Bagikan:

JAKARTA - Ketua Komisi Kejaksaan Barita Simanjuntak menilai revisi terhadap Kitab Undang-Undang Hukum Acara Pidana (KUHAP) perlu memperhatikan keseimbangan dan saling kontrol atau checks and balances.

"Selain pengawasan eksternal oleh Kompolnas (Komisi Kepolisian Nasional), misalnya di tingkat penyidikan, revisi KUHAP juga berkaitan dengan checks and balances," kata Barita Simanjuntak dalam webinar 'Penyiksaan dalam Praktik Pidana Mati di Indonesia: Satu Terlalu Banyak' yang digagas Institute for Criminal Justice Reform (ICJR) di Jakarta, Jumat 16 Desember.

Barita mengatakan dalam sistem peradilan pidana Indonesia di bagian hulu terdapat penyidikan dan penuntutan. Sehingga, fungsi penyidikan bisa bekerja dan dilakukan oleh supervisi penuntutan.

Apabila hal tersebut terlaksana, lanjutnya, maka kasus dugaan pembunuhan berencana yang melibatkan mantan kepala Divisi Profesi dan Pengamanan Polri Ferdy Sambo tidak akan berlarut hingga berbulan-bulan.

Dalam kasus itu, menurut dia, Komisi Kejaksaan tidak bisa berbuat banyak karena faktor lemahnya sistem KUHAP yang mengunci peran jaksa, yakni hanya ketika berkas perkara surat pemberitahuan dimulainya penyidikan (SPDP) diberikan.

Barita menyinggung banyaknya masalah penegakan hukum yang terjadi, khususnya di tingkat penyidikan (polisi). Hal itu juga tidak lepas dari penelitian yang dilakukan ICJR. Ia mengaku sependapat dengan pandangan yang diutarakan Anggota Komisi III DPR RI Asrul Sani yakni mendorong penguatan pengawasan di tataran penyidikan.

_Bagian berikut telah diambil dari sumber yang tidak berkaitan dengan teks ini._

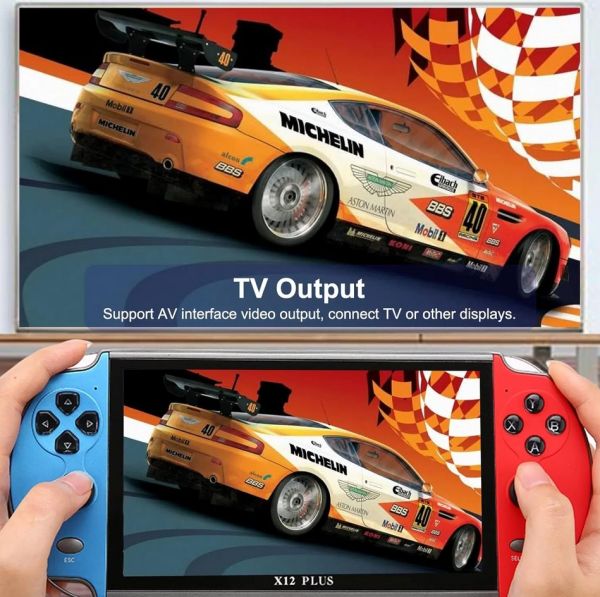 Console X12plus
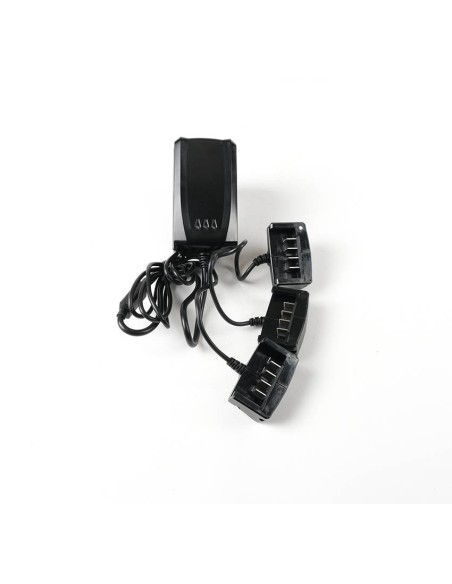 CARGADOR TRES ENCHUFES PS32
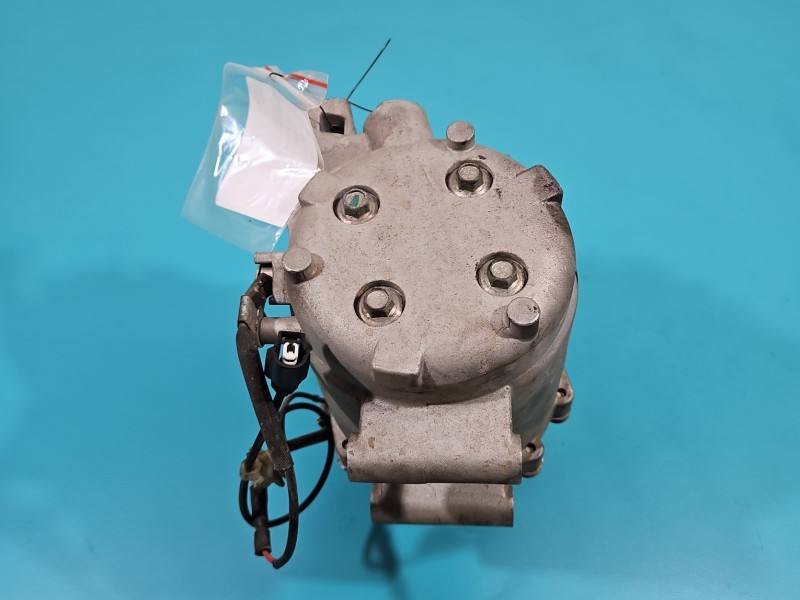 Компрессор кондиционера Honda Civic KTT090178 — фото детали 4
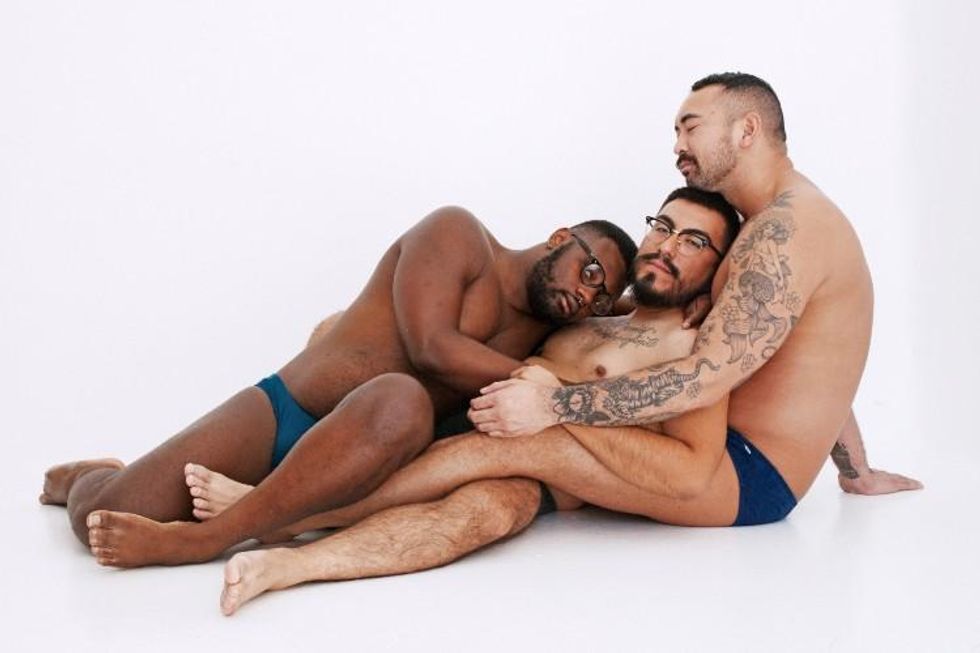 Gigi Gorgeous by Rakeem Cunningham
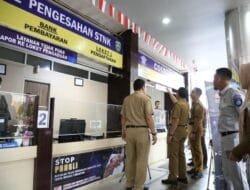 Pj Gubernur Sumsel Fatoni Ajak Masyarakat Bayar Pajak Kendaraan Bermotor dan BBNKB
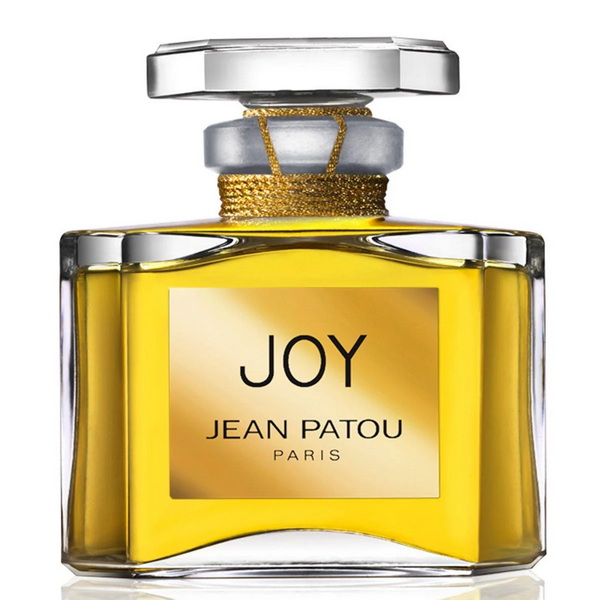 Жан Пату остался в памяти нескольких поколений как создатель Joy («Радость»)- самых дорогих духов в мире. Между тем Жан Пату не был парфюмером и не создавал этих духов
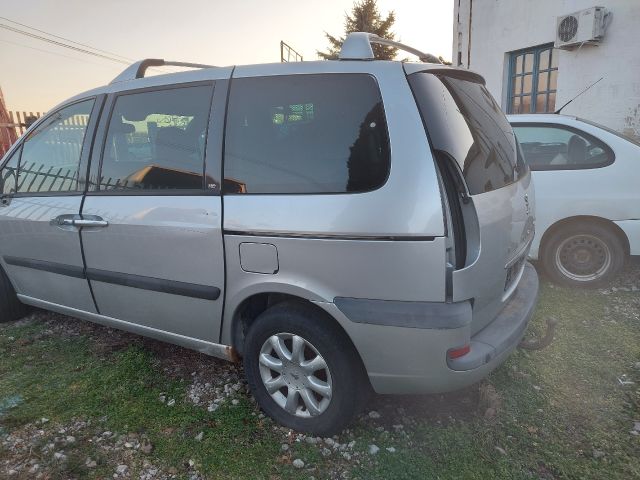 bontott PEUGEOT 807 Bal hátsó Hátsó Dobbetét (Kerékjárati, Műanyag)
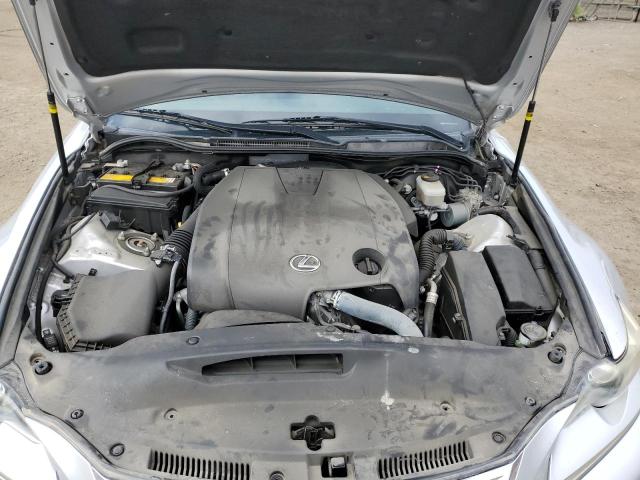 Photo 11 from auction – 2014 LEXUS IS 250 with VIN JTHBF1D2XE5011217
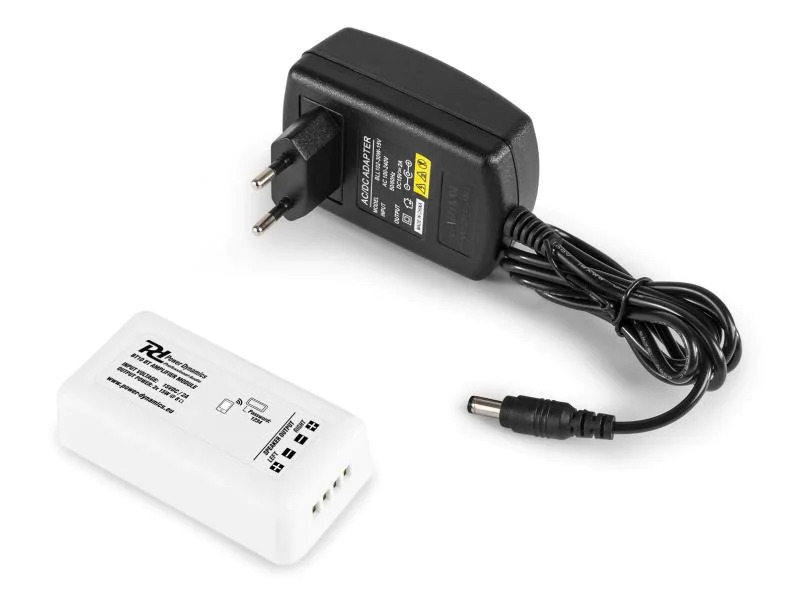 Power Dynamics Verstärker Pro BT10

"Memang penguatan pengawasan ini menjadi penting," tambahnya.

Sementara itu, Asrul Sani mengatakan sistem peradilan pidana di Indonesia, yang diatur dalam KUHAP, harus diubah. Arsul melihat tidak adversarial murni; sehingga ketika pemeriksaan di pengadilan dilakukan, maka hakim yang menanyai saksi dan terdakwa.

"Jadi, yang saya rasakan ini sudah ada under pressure, baik kepada saksi, jaksa, maupun pada advokat," ujar Arsul Sani.